** Exercise goal **
Copy out, from the data, each line containing the string "jacket".

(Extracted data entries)
• • • •
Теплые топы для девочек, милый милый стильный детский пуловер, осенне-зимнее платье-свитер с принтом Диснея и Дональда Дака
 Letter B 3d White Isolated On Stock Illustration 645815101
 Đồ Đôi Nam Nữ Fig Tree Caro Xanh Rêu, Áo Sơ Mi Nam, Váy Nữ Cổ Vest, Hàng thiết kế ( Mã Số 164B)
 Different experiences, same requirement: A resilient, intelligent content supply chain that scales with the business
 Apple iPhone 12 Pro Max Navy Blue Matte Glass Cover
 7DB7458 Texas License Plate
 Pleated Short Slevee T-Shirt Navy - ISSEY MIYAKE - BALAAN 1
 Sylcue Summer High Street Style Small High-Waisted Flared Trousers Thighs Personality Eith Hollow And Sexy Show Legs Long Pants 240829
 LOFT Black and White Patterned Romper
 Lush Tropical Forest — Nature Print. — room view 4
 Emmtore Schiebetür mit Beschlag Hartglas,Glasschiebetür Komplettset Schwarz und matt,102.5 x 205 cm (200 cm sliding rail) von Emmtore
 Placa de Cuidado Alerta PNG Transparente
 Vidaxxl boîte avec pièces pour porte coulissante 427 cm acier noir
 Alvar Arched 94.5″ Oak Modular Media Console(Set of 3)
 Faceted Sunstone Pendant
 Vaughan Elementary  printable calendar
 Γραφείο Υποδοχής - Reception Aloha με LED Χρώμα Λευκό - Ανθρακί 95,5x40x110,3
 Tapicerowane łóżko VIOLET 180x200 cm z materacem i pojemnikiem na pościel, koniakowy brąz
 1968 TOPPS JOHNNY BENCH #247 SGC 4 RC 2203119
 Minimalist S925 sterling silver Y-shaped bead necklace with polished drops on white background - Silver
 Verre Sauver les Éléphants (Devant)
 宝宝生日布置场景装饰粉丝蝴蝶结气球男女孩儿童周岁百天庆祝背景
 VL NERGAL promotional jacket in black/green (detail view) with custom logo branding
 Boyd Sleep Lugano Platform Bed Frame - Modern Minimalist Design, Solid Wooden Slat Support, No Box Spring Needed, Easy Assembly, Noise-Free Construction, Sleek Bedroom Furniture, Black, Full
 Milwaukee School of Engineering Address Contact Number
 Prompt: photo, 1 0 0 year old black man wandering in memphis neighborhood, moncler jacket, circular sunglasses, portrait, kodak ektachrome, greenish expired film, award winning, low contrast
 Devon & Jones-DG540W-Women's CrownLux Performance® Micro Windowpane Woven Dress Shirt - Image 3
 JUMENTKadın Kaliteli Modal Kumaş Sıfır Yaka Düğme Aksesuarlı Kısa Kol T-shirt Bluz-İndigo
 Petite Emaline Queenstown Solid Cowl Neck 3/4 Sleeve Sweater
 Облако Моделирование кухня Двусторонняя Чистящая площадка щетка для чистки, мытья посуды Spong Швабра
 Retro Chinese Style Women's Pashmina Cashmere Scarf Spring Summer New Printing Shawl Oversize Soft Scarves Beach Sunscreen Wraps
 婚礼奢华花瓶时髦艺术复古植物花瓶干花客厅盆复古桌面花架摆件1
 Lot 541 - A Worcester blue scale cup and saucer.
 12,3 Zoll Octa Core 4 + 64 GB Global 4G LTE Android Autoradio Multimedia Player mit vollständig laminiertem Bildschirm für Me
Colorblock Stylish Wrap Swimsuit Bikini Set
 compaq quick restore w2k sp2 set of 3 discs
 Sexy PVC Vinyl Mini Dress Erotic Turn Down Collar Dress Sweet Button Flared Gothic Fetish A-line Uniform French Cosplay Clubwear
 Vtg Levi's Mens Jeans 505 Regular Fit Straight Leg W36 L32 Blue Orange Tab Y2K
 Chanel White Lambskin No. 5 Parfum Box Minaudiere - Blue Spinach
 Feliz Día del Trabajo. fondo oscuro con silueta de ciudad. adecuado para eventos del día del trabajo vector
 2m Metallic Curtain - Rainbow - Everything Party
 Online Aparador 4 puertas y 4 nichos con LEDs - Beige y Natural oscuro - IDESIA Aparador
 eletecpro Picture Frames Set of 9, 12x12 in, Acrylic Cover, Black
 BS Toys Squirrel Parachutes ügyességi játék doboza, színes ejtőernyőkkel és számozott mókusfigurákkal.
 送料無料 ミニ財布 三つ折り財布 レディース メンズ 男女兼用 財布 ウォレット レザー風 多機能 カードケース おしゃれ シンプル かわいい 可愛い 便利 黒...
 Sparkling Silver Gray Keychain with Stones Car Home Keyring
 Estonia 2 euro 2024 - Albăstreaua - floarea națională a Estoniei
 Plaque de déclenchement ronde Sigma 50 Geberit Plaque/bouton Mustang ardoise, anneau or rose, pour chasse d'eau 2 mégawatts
• • • •
** Response **
 VL NERGAL promotional jacket in black/green (detail view) with custom logo branding
 Prompt: photo, 1 0 0 year old black man wandering in memphis neighborhood, moncler jacket, circular sunglasses, portrait, kodak ektachrome, greenish expired film, award winning, low contrast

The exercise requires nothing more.